| What you have to do |
Return the lines of the material below exactly, beginning with the line that has "by RTS & CTS" in it and finishing with the line that has "Rewrite versus refactor" in it. Leave all pictures aside.

| Information shown |
┄┄┄┄┄┄┄┄┄┄┄┄┄┄┄┄┄┄┄┄
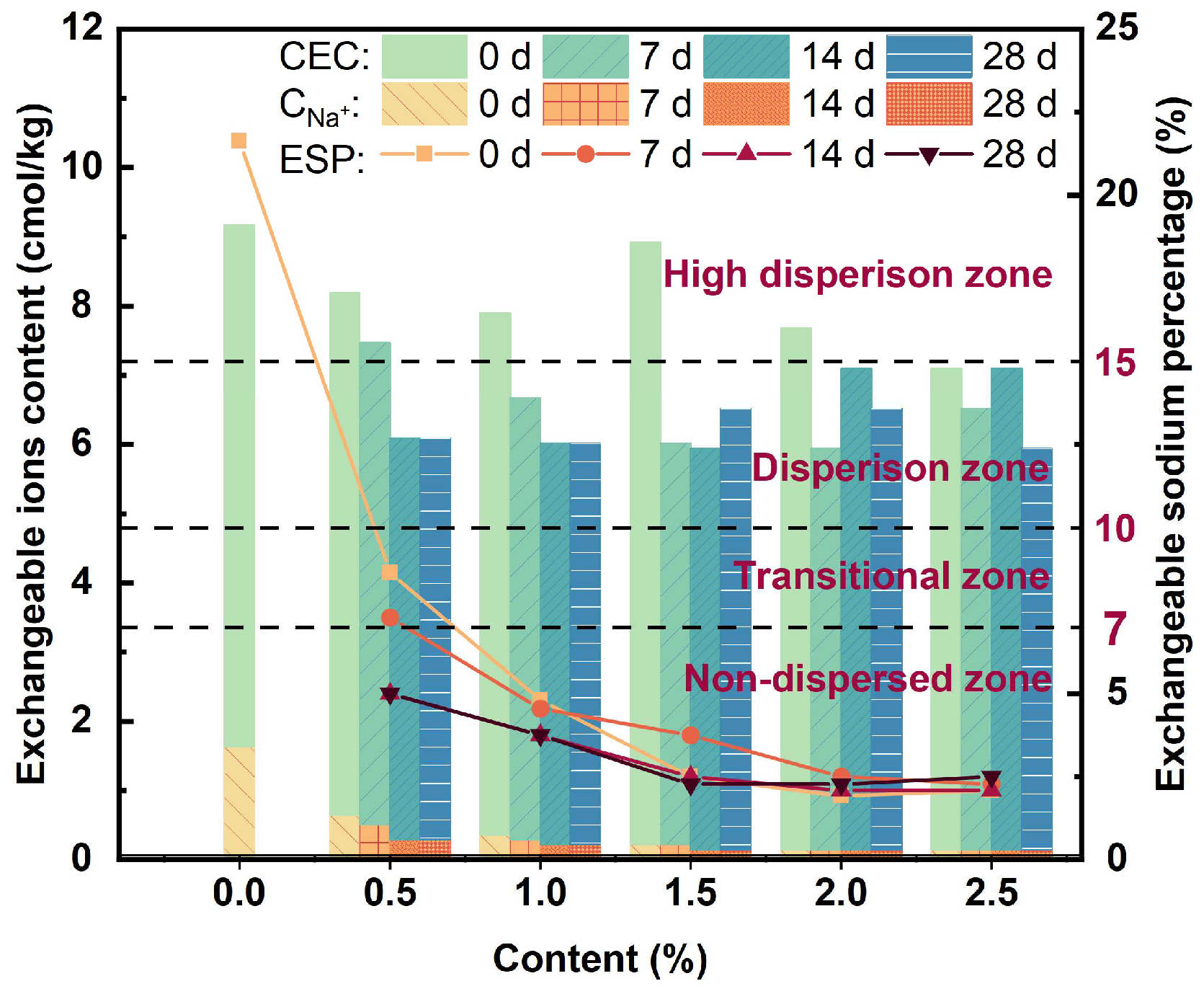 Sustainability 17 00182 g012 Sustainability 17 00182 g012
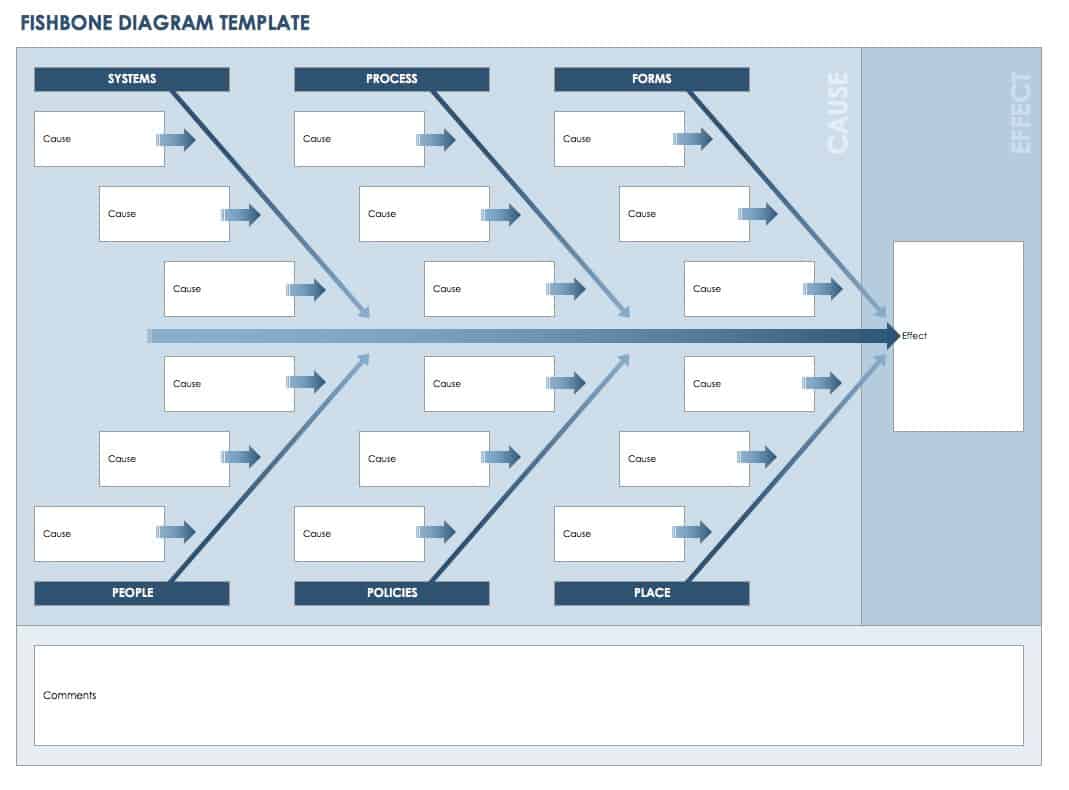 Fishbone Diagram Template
┄┄┄┄┄┄┄┄┄┄┄┄┄┄┄┄┄┄┄┄
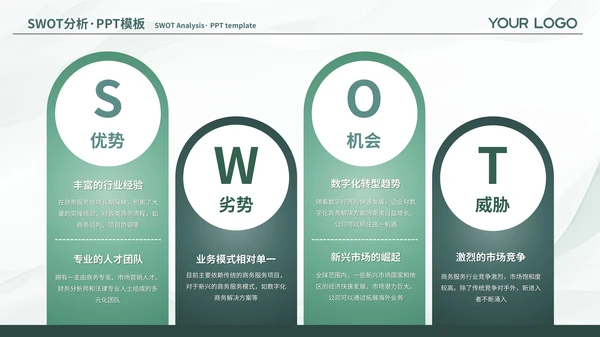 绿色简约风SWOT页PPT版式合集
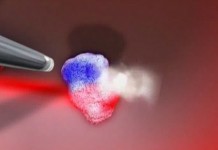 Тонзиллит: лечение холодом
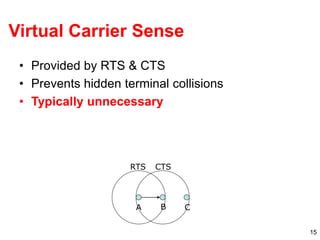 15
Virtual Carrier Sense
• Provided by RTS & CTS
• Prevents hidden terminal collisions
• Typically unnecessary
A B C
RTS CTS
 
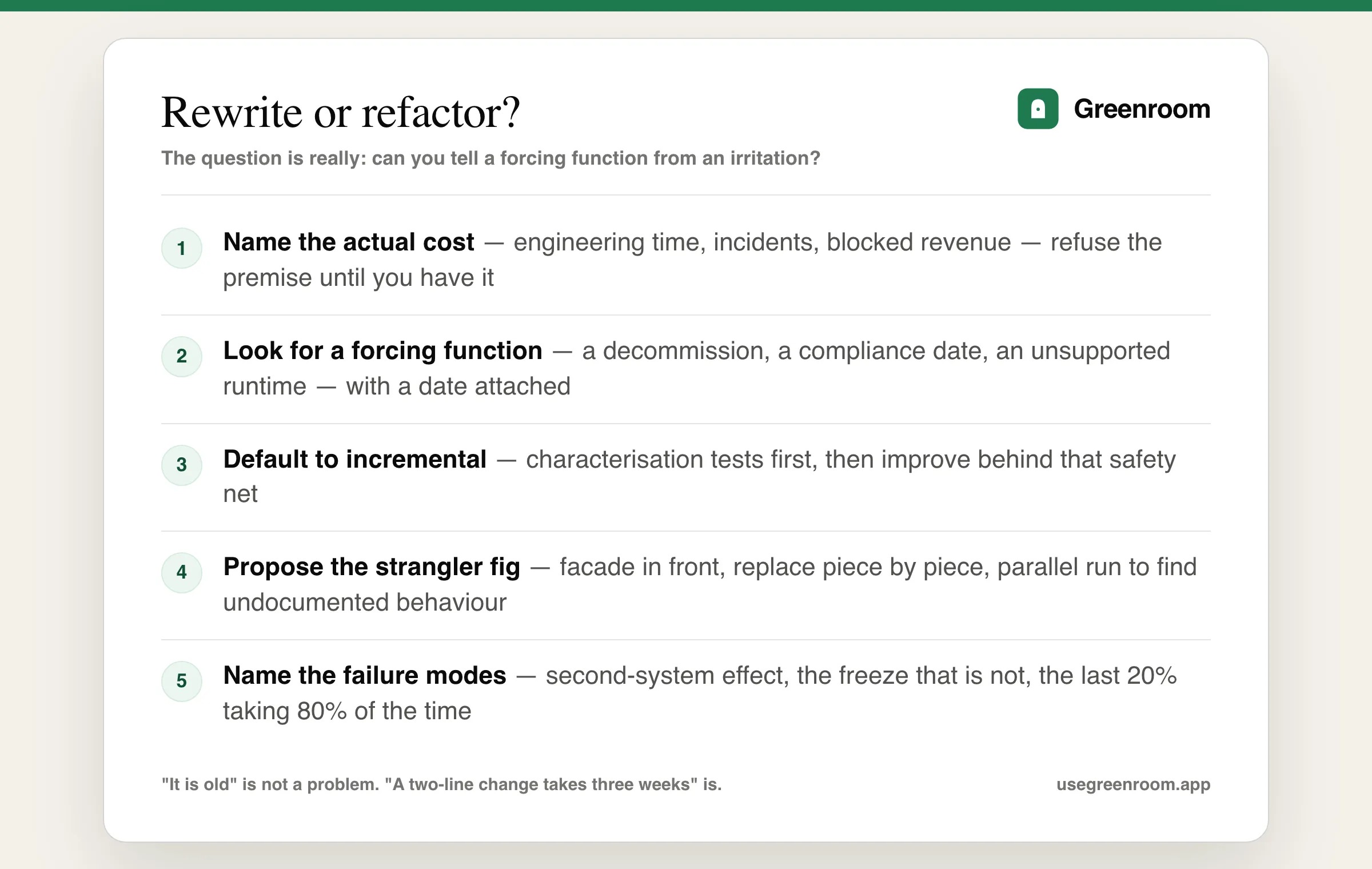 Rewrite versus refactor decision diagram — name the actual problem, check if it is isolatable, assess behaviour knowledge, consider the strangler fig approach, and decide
┄┄┄┄┄┄┄┄┄┄┄┄┄┄┄┄┄┄┄┄
| Solution to this task |
• Provided by RTS & CTS
• Prevents hidden terminal collisions
• Typically unnecessary
A B C
RTS CTS
 
 Rewrite versus refactor decision diagram — name the actual problem, check if it is isolatable, assess behaviour knowledge, consider the strangler fig approach, and decide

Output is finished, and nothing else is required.